Polenta (mămăligă) is a very popular Romanian dish made from boiled cornmeal. It is traditionally a slowly cooked dish. It sometimes takes an hour or longer to prepare and constant stirring is necessary. Polenta is considered the peasants' bread - it is thick, but not as consistent as bread.

Soups (supe) - you can find a lot of soup recipes in Romanian cuisine; some of them are clear soups, but some of them are thicker broths which are usually prepared with lots of vegetables and these ones are called ciorbe in Romanian.

Broths (Ciorbe) are extremely diverse - one can prepare ciorbă almost from everything. Meat used for ciorbe can be of any kind - pork, beef, chicken, lamb - and they usually contain a mix up of vegetables. Ciorbe are usually served with sour cream (smântână) in Transylvania but there are several recipes of broths served with or without sour cream.

Here are some special Christmas dishes, which can be easily found all over the country:

Cârnaţi - pork-based sausages.

Caltaboşi - a special type of sausages made from pork entrails.

Piftie - pork based jelly (aspic) made of pork and leftover organs (such as ears or snouts), garlic and sometimes vegetables like carrots, string beans.

Tobă - various cuttings of pork, liver boiled, diced and "packed" in pork stomach, similar to salami.

Sarmale - rolls of cabbage pickled in brine and filled with minced meat, rice and various spices and herbs. They can be served with sour cream and/or polenta. These are probably the most well known Romanian dish.

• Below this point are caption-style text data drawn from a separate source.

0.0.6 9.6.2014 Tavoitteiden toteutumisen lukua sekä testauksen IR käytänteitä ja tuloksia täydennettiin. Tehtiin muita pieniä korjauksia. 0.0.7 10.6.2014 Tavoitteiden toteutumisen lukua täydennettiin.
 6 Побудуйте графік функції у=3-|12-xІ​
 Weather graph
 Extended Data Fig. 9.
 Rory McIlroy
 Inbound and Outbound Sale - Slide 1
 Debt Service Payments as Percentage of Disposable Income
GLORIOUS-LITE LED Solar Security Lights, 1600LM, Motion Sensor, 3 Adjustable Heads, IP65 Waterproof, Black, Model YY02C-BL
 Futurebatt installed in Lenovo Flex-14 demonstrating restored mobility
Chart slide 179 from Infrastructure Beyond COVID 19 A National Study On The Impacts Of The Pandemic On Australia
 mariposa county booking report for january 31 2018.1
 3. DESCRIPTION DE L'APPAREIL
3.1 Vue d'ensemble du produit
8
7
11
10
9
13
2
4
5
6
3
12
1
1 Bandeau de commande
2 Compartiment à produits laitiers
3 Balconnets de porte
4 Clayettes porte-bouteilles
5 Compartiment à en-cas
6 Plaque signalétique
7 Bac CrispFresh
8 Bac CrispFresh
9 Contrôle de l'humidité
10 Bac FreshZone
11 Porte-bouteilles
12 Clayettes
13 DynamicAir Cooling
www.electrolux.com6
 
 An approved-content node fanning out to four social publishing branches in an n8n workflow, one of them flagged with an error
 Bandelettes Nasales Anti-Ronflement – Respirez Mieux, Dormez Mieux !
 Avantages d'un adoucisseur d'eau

Cozonac - a special type of pannetone filled with a walnut squash and/or cocoa, raisins, Turkish delight or with poppy squash (poppy seeds dried, smashed and boiled with sugar and milk).

Easter feast - there is always going to be lamb on the table for Easter! Lamb roast and sometimes lamb soup is eaten on the Easter day.

For Easter there are also "sarmale" and "cozonac" on the table alongside other specialties, such as:

Drob - a cooked mix of intestines, meat (traditionally lamb), eggs and fresh vegetables, mainly green onion and dill

Ouă roşii (red painted eggs) - for Easter Romanians symbolically knock red eggs (hard boiled eggs painted traditionally in red - although today people use different colours).

Pască - a nutty kind of cheesecake made only at Easter time!


If you want to feel the Romanian party vibe, you can find local clubs and pubs, with different sorts of music, like: house, Latin American, dance, jazz, rock, live music.